From: Alan Mackenzie
Subject: Re: What a modern collaboration toolkit looks like
Date: Tue, 1 Jan 2008 17:11:21 +0000
User-agent: Mutt/1.5.9i

Hi, Eric!

On Mon, Dec 31, 2007 at 08:07:12AM -0500, Eric S. Raymond wrote:
> Eli Zaretskii <address@hidden>:

> The old-timers on this list should be asking themselves why, when Emacs
> is so undeniably important, it can't attract as many developers as a
> mere fantasy game.

A few suggestions:
o - Emacs is implemented in a wierd special purpose language.

o - Emacs is already so good that it's difficult to see room for new
  features.  

o - Much core Emacs code has, despite RMS's good sense and emphasis on
  simplicity, become tortuous and difficult to get into.
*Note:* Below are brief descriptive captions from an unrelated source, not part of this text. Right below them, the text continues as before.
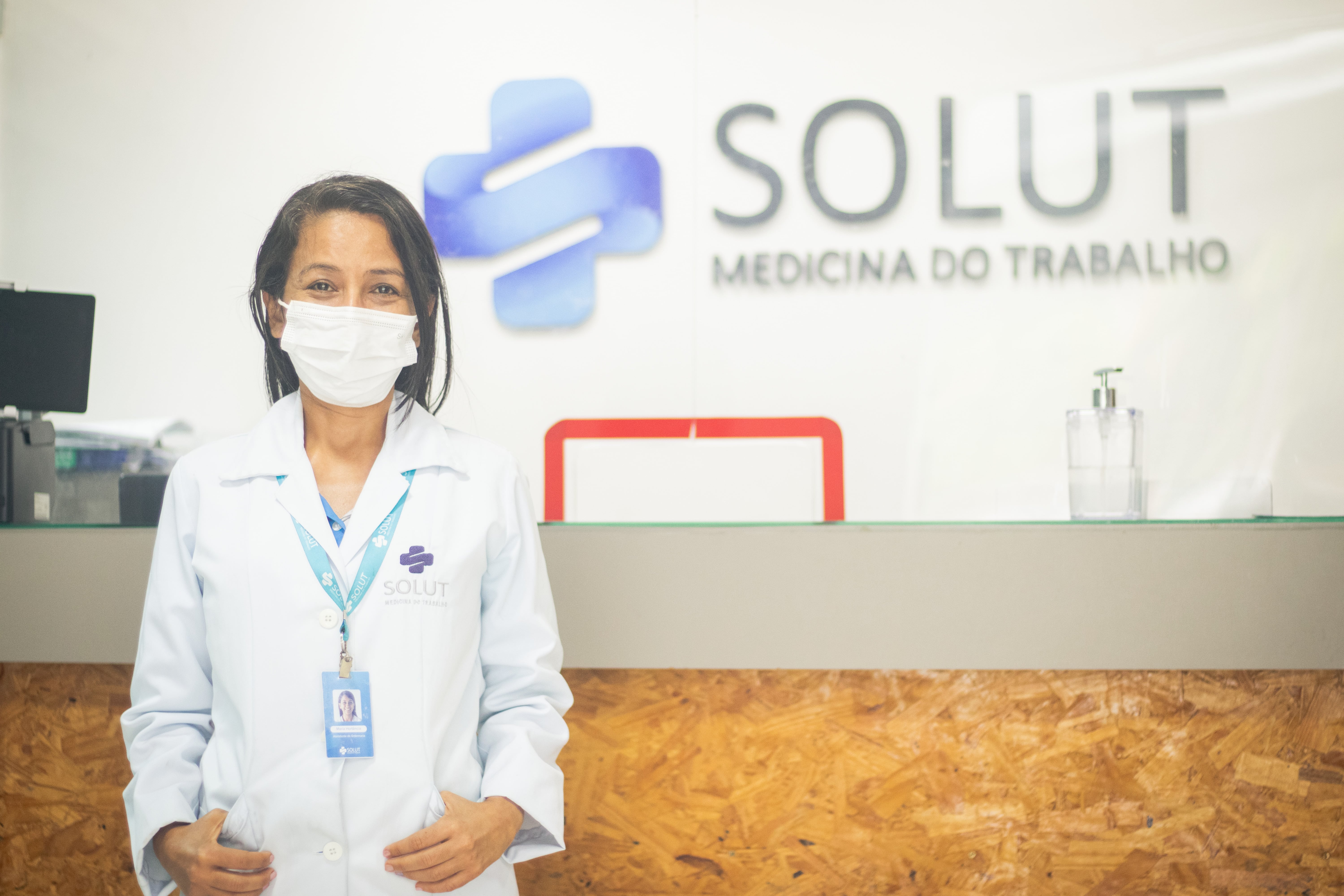 Colaboradora da Solut em frente a logo da clínica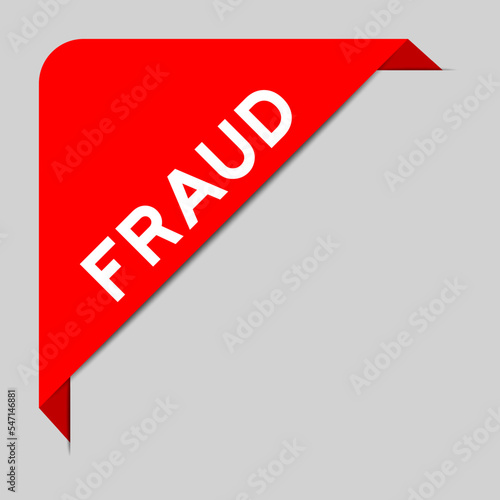 Red color of corner label banner with word fraud on gray background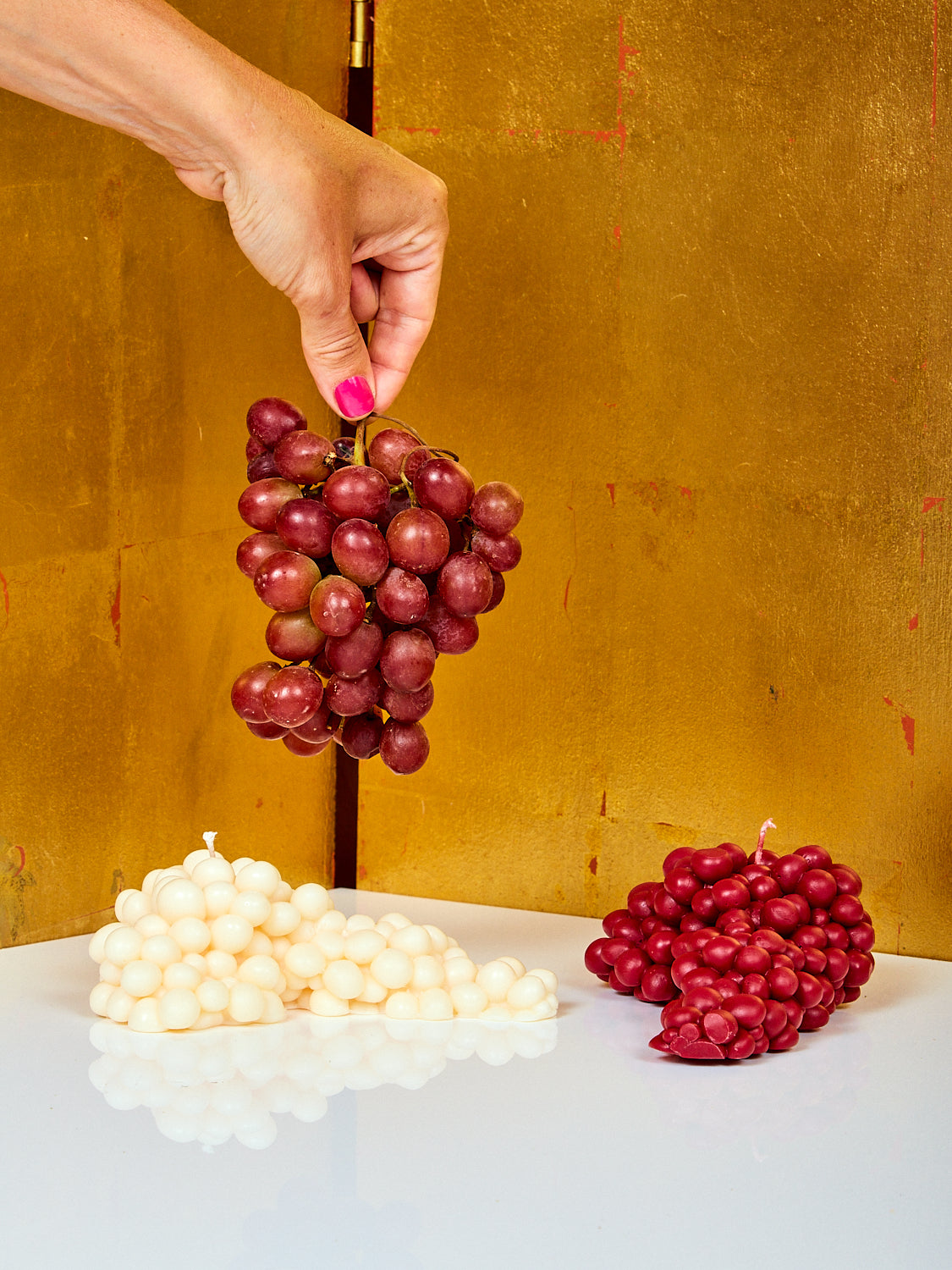 A hand holds a bunch of grapes over a white and wine Grape Candle by Maison Balzac.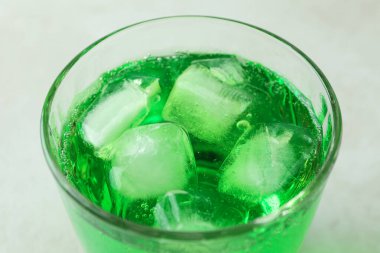 Beyaz desenli arka planda bir bardak yeşil soda.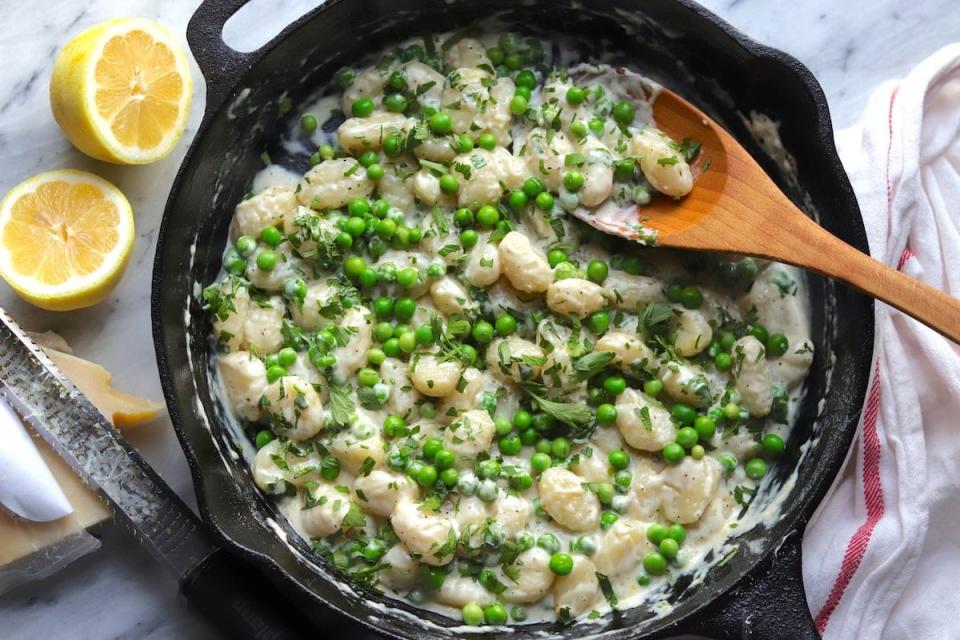 <p>The Hungry Hutch</p><p>This recipe combines store-bought gnocchi and peas in a cheesy, lemony cream sauce that is sure to comfort your stomach and your soul.</p><p><strong>Get the Recipe: </strong><a href="https://www.thehungryhutch.com/gnocchi-peas-lemon-cream-sauce-recipe/" rel="nofollow noopener" target="_blank" data-ylk="slk:Gnocchi with Peas and Lemon Cream Sauce;elm:context_link;itc:0;sec:content-canvas" class="link "><strong>Gnocchi with Peas and Lemon Cream Sauce</strong></a></p>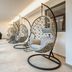 Romantik Hotel Hirschen in Parsberg: corridor with hanging wicker egg chairs and floor-to-ceiling windows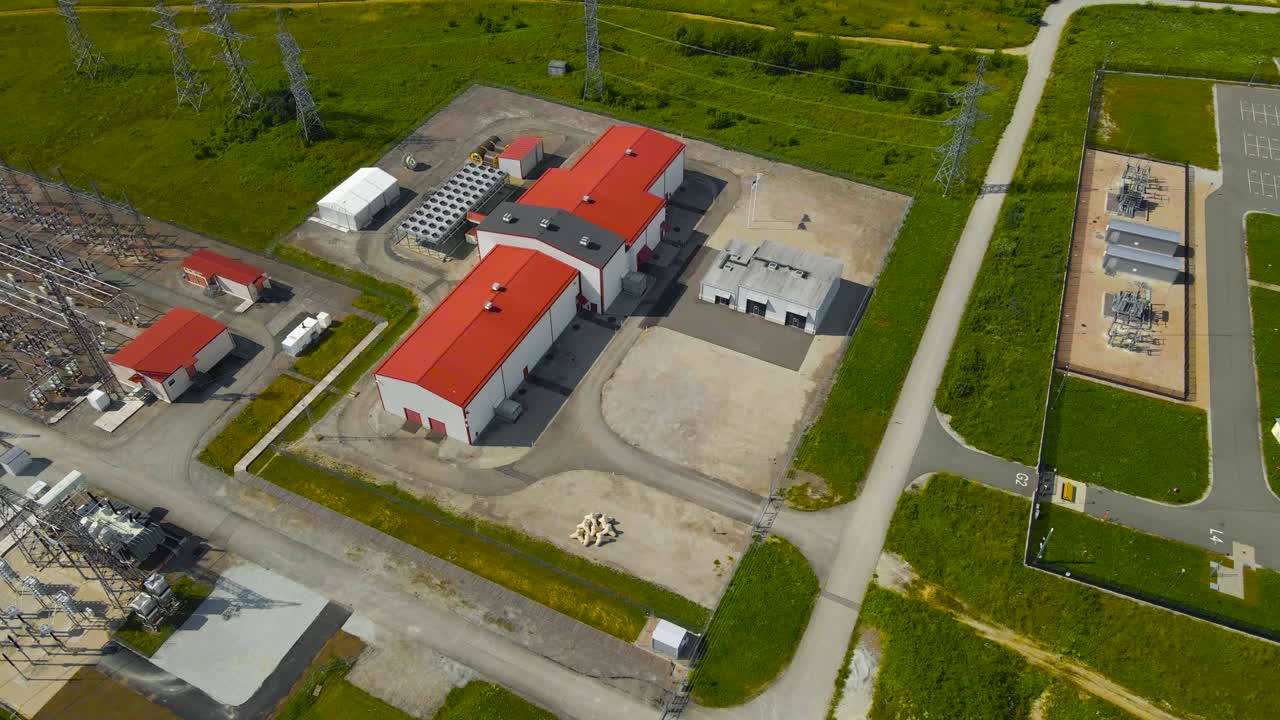 Aerial drone footage orbiting around a electrical substation with high voltage electrical lines that are powering a large modern data centre next to the building during a summer sunny day, countryside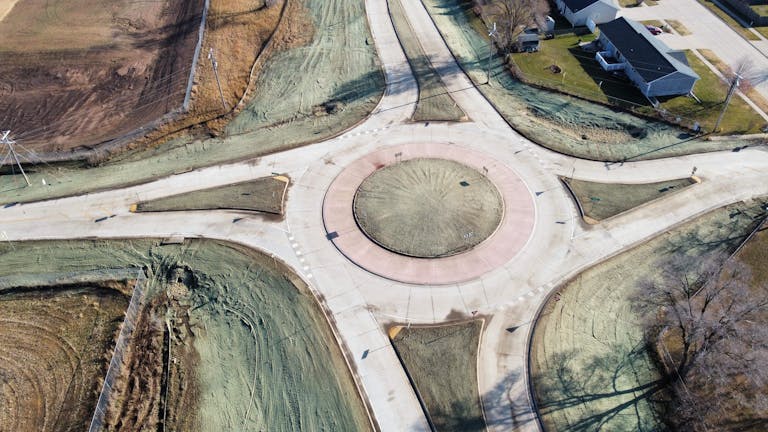 High angle aerial shot of a roundabout surrounded by streets and green areas in Camanche, Iowa.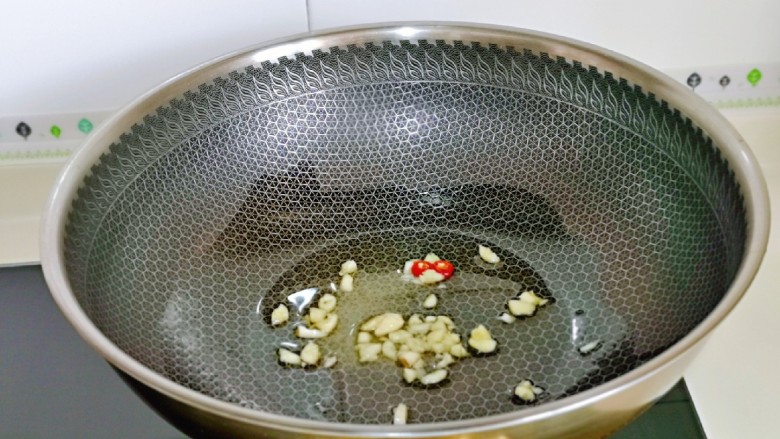 卷心菜炒粉丝,起油锅,加入蒜和辣椒炒香。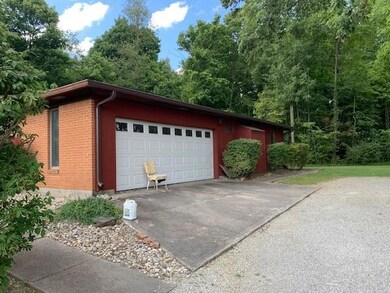 attached garage, finished with paneling and is 22x23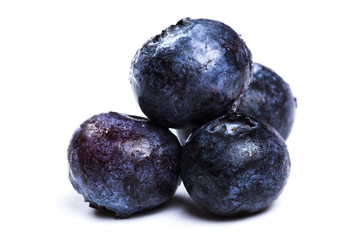 a handful of blueberries close-up isolated on white background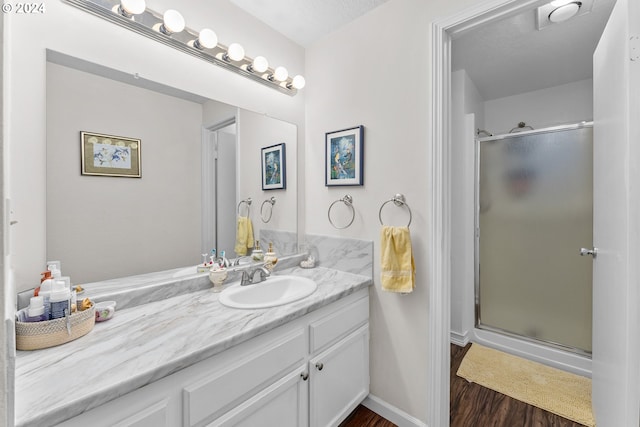 full bathroom featuring wood finished floors, a stall shower, and vanity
o - Emacs is a victim of its own success - as its new features make it
  steadily easier to use, it becomes steadily more intricate and thus
  harder to learn.  A non-user of Emacs cannot become an Emacs hacker.

[ .... ]

> The Emacs project, though, is still operating at a scale and tempo I
> think of as being typical of the late 1980s and early 1990s.  I think
> we are limited by poor tools, and by habits of thought derived from
> those poor tools.

Hmmm.  There's something ironic about an Emacs developer blaming poor
tools.  ;-)

I'd think it's worth emphasising that CVS is _NOT_ a poor tool; it's an
exceptionally flexible, solid and reliable one, free from feature bloat,
and I'm grateful indeed to the hackers who've maintained it over the
decades.

What you mean, Eric, is that CVS is a hammer, and we could now work
better by using screws rather than nails.  What's the best screwdriver?

I've never been able to get excited by VCSs; apart from CVS, I've only
had experience with proprietary VCSs, and they have, with one exception,
been ghastly.

> I'd like to help that change.

I'm enthusiastic about this.  Go for it, Eric!  But I suggest the
following two constraints for the new tools, which might not apply to
Battle for Wesnoth:

o - They must support "batch mode" working, for RMS and others who
  concentrate fiercely on a single activity at a time.

o - They must, like Emacs, be fully usable on a text console without a
  mouse as well as in X.  There are at least 3 hackers here who prefer
  such a setup.

-- 
Alan Mackenzie (Nuremberg, Germany).